Cervical spondylotic myelopathy (CSM) remains a poorly defined syndrome. It includes often painless reduction of neurologic function arising from compression of the spinal cord due to a variety of degenerative changes in the cervical spine. These changes can include bony overgrowth at any of the disk or facet joints (i.e., osteophytes), ligamentous changes or calcification, instability, or change in alignment of the joints (i.e., kyphotic deformity). The extent of radiologic involvement may not correlate with the extent of neurologic involvement.
From the history of weakness and/or numb, clumsy hand syndrome, a correlative neurologic exam is important to identify whether this is a subjective or objective finding. The most common initial signs of myelopathy are mild hand weakness (particularly in the intrinsic muscles of the hand, such as the interossei), loss of coordination in hand function (such as typing), and mild gait ataxia. More severe symptoms can include profound weakness of the hands, bowel and bladder difficulties, and severe gait ataxia.
There is rarely a significant loss of proximal muscle strength in the arms or legs, and such loss would be a clear red flag beyond cervical spondylotic myelopathy. Cervical myelopathy can worsen acutely with injury to the cervical spine, although there is usually a pre-injury history of loss of function.

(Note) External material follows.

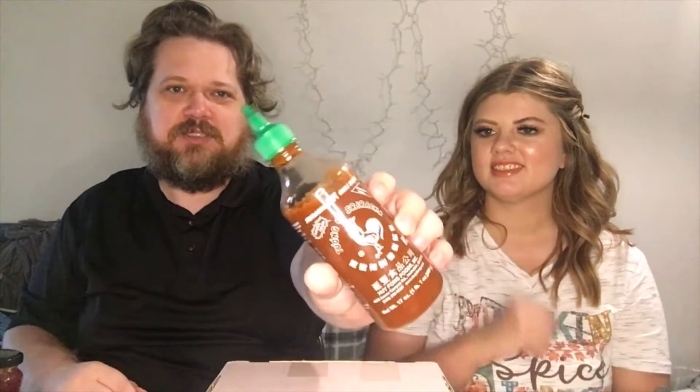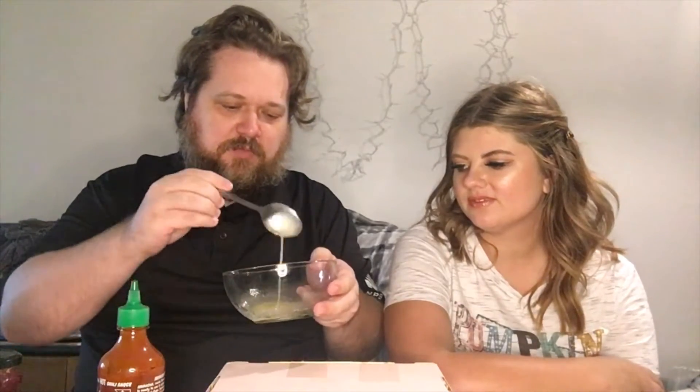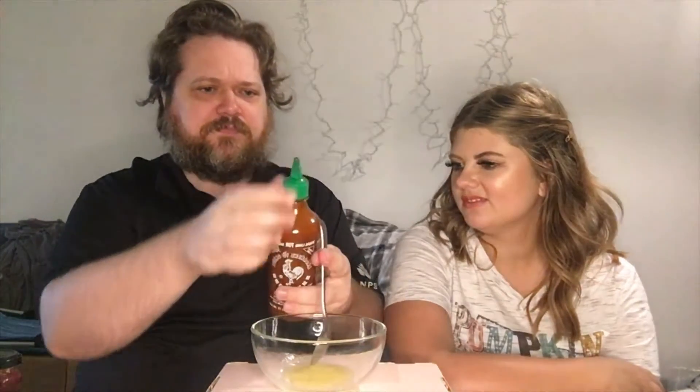We got sriracha — this is like two bucks, so it's the best cheapest thing out there. The first sauce is pretty simple: one tablespoon of melted butter and one tablespoon of sriracha. It's basically a 50-50 ratio — one part melted butter and one part whatever your favorite hot sauce is. We're gonna use sriracha.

If there are neurologic signs suggesting loss of function beyond a single nerve root, a cervical MRI is important to distinguish the specific nature of any neural compression. Cervical MRI scans clearly show spinal cord compression and deformation with usually internal T2 (white) signal changes in the spinal cord.

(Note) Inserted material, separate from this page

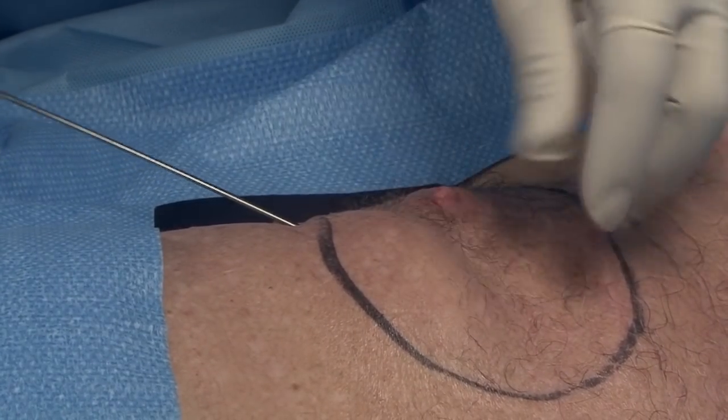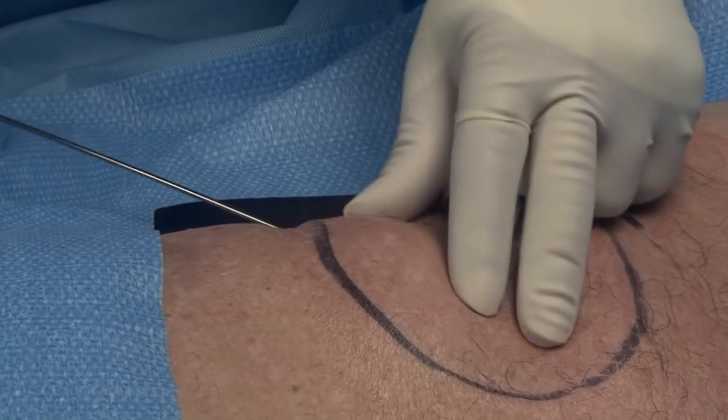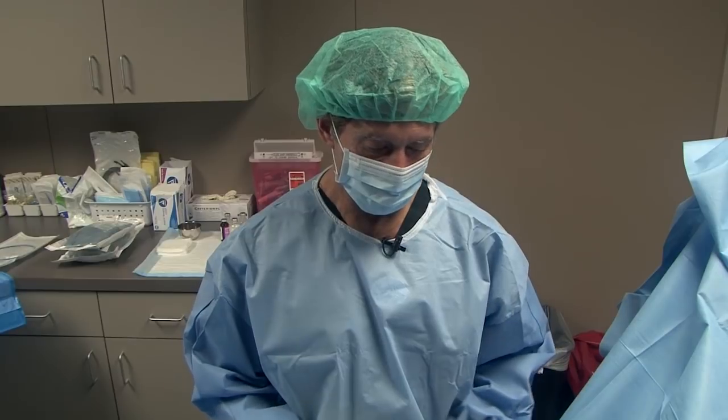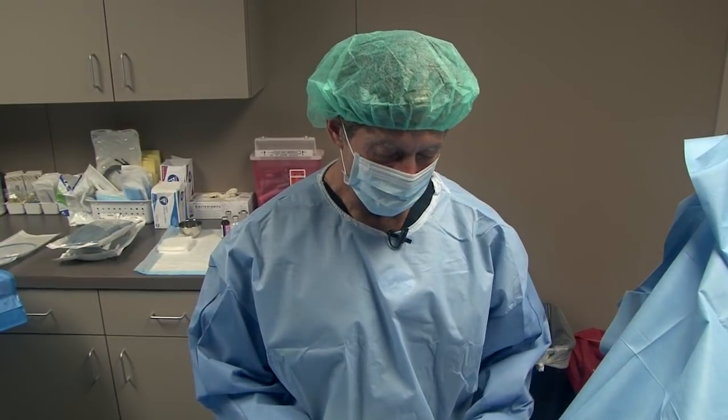As you can see, as it goes under the skin, it just swells up a little bit and that's normal. Now we have all the numbing fluid placed. We've waited just a little while for that to take effect. Now we're ready to move on to the next step, which is the smart lipo laser portion of the procedure.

A cervical MRI will also indicate alternate causes, including malignancy, infection, inflammatory diseases, and intrinsic myelopathy or internal damage to the spinal cord (i.e., multiple sclerosis, amyotrophic lateral sclerosis). If the weakness and/or sensory loss is unilateral, then another consideration is brachial plexopathy (neuralgic amyotrophy) due to spontaneous viral neuronitis, often with initial neck pain.
Because the neurologic abnormalities arise from spinal cord compression and upper motor neuron dysfunction rather than nerve compression, EMG or NCV is a negative diagnostic test in cervical myelopathy, as nerve studies primarily demonstrate lower motor neuron changes. However, the EMG/NCV can be helpful to differentiate cervical myelopathy from more peripheral disorders, such as ulnar neuropathy or carpal tunnel syndrome, which can mimic many of the symptoms.
Because cervical MRI scans are readily available to the medical community, this is a common form of presentation. The scan itself is interpreted as abnormal and the patient seeks to know the significance of the scan findings. The patient's presenting symptom commonly resolves by the time of consultation regarding the scan findings.
A correlation between the patient's history and neurologic and physical exam is critical to decide whether further diagnostic tests are warranted. If clear neurologic abnormalities are noted, then an MRI scan is suggested if possible. If the patient has had an MRI scan, a thorough discussion with the patient may be critical to decide whether to suggest treatment in an asymptomatic patient, particularly when specific risks may arise from this treatment.
Common asymptomatic findings include vertebral body hemangiomas (which are congenital, although can rarely expand over time), disk or facet degenerative changes (which are age related in severity and extent), disk bulging, annular tear, and presence of a visible central spinal canal (often mislabeled as a syrinx).